Principal Site Reliability Engineer
Our architecture group is looking for a Principal Site Reliability Engineer (a.k.a. Site Reliability Architect) to create frameworks that combine engineering and application development to drive operational stability. You will work with engineering and platform teams that develop and support some of the latest technologies focused on the public cloud and containers.
As an experienced SRE professional, you work with the core teams combining software practices and engineering to strengthen the application/system reliability along with operational support. Your hands-on knowledge in system design, application development, testing, and operational stability helps transform the way the teams are operating to ensure they deliver high-quality products. You enjoy being instrumental in establishing best practices and tooling to automate operational processes.
About the SRA role...
- This role can be filled in our Boston, MA or Portland, OR office
- Architect a new common framework to establish an SRE Model across multiple teams
- Develop new processes to prevent problem recurrence; automating response to all non-exceptional service conditions
- Enhance SLO trending and centralized reporting
- Identify opportunities to improve architecture/engineering practices
- Mentor staff to replace manual processes with automation
- Coach teams to enhance incident response handling
- Collaborate across all level of the organization to drive the SRE model
The ideal candidate has...
- Bachelor's degree in one of the following: Management Information Systems, Computer Science, Software Engineering, Technology, and/or other related fields of study
- 5+ years of experience as a Site Reliability Engineer
- Ability to apply a systematic approach to solve problems with a sense of ownership and focus
- Effective communication skills with the ability to articulate technical details to different, sometimes non-technical audiences
- Expertise in designing, analyzing and troubleshooting large-scale distributed systems
- Advanced experience in supporting enterprise container based platforms
- Experience in cloud technologies such as architecting, developing or maintaining cloud solutions in public cloud environments (AWS/GCP)
- CI/CD - Deployment pipeline experience (Jenkins, Ansible)

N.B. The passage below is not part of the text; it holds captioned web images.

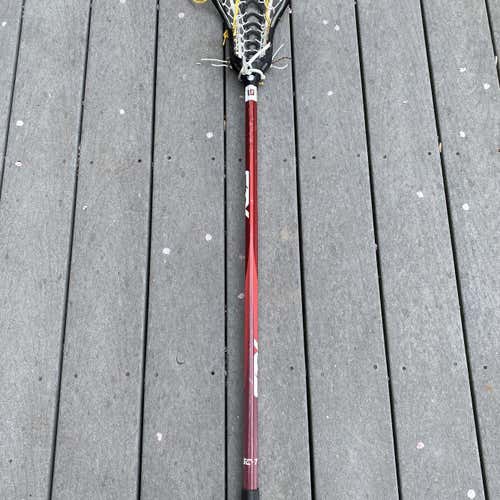 Used Nike Lunar 10 Stick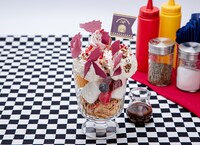 「SHERRY SUNDAE（灰原哀）」(c)青山剛昌／小学館・読売テレビ・TMS 1996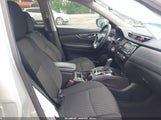 Nissan Rogue S Fwd 5N1AT2MT6LC747547 снимка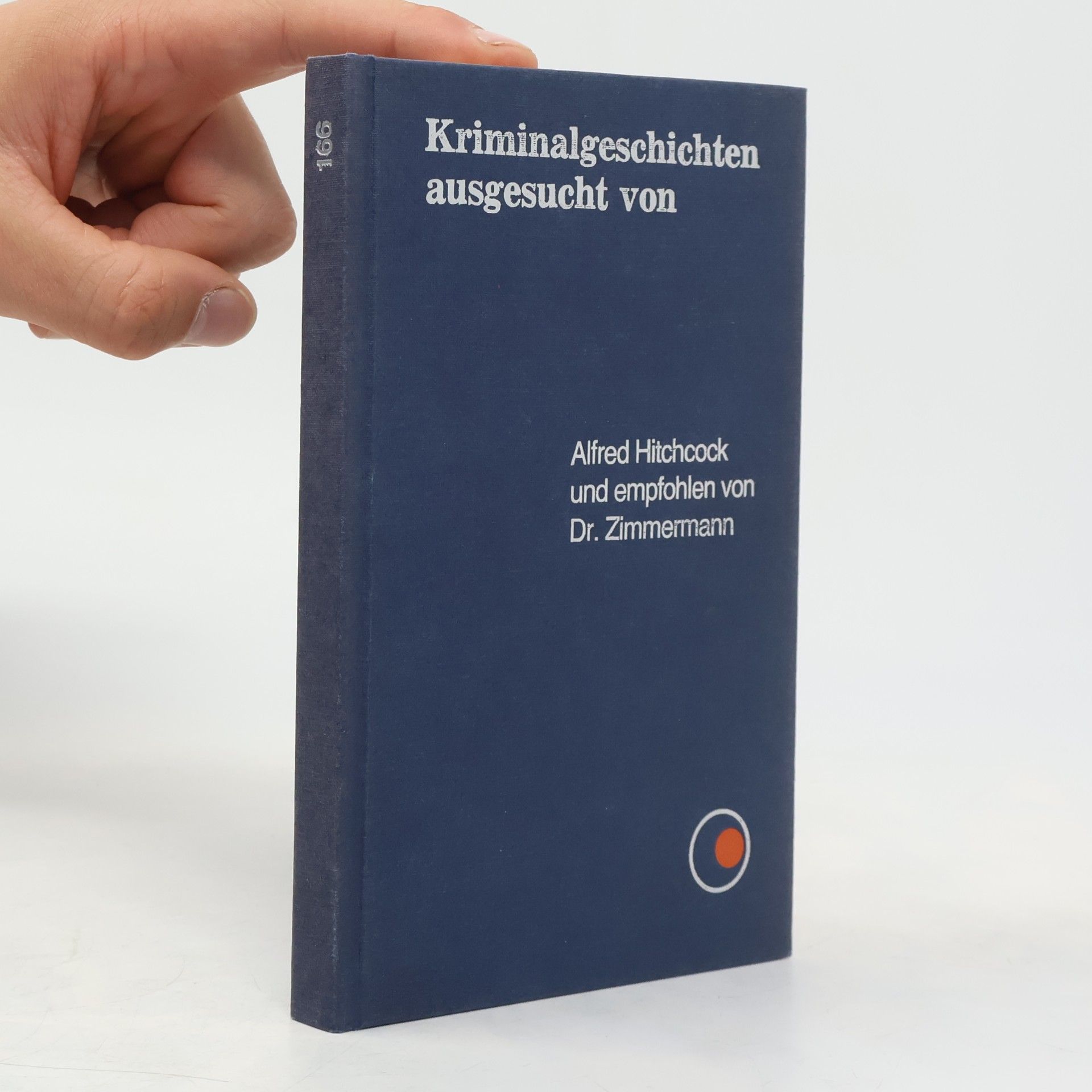 Alfred Hitchcock Kriminalmagazin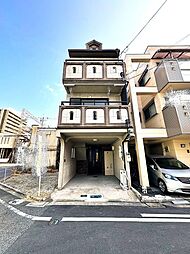 物件画像 守口市文園町中古戸建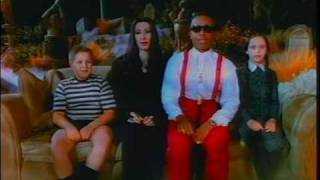 Mc Hammer  Addams Groove 1991 [upl. by Arrahs]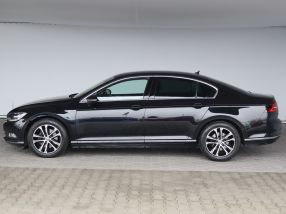 Volkswagen Passat - 2017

- Familiarity with REST API design
- Devops container/orchestration tools (Kubernetes, Docker, Puppet, etc)
- AWS Deep knowledge
- Good knowledge of Python, GO, or similar scripting languages
- Experience with Configuration Management systems
- Knowledge of Unix/Linux based systems, and experience troubleshooting applications running on these systems
- Experience with software lifecycle including design, implementation, and delivery
- Agile environment experience
Acquia is an equal opportunity (EEO) employer. We hire without regard to age, color, disability, gender (including gender identity), marital status, national origin, race, religion, sex, sexual orientation, veteran status, or any other status protected by applicable law.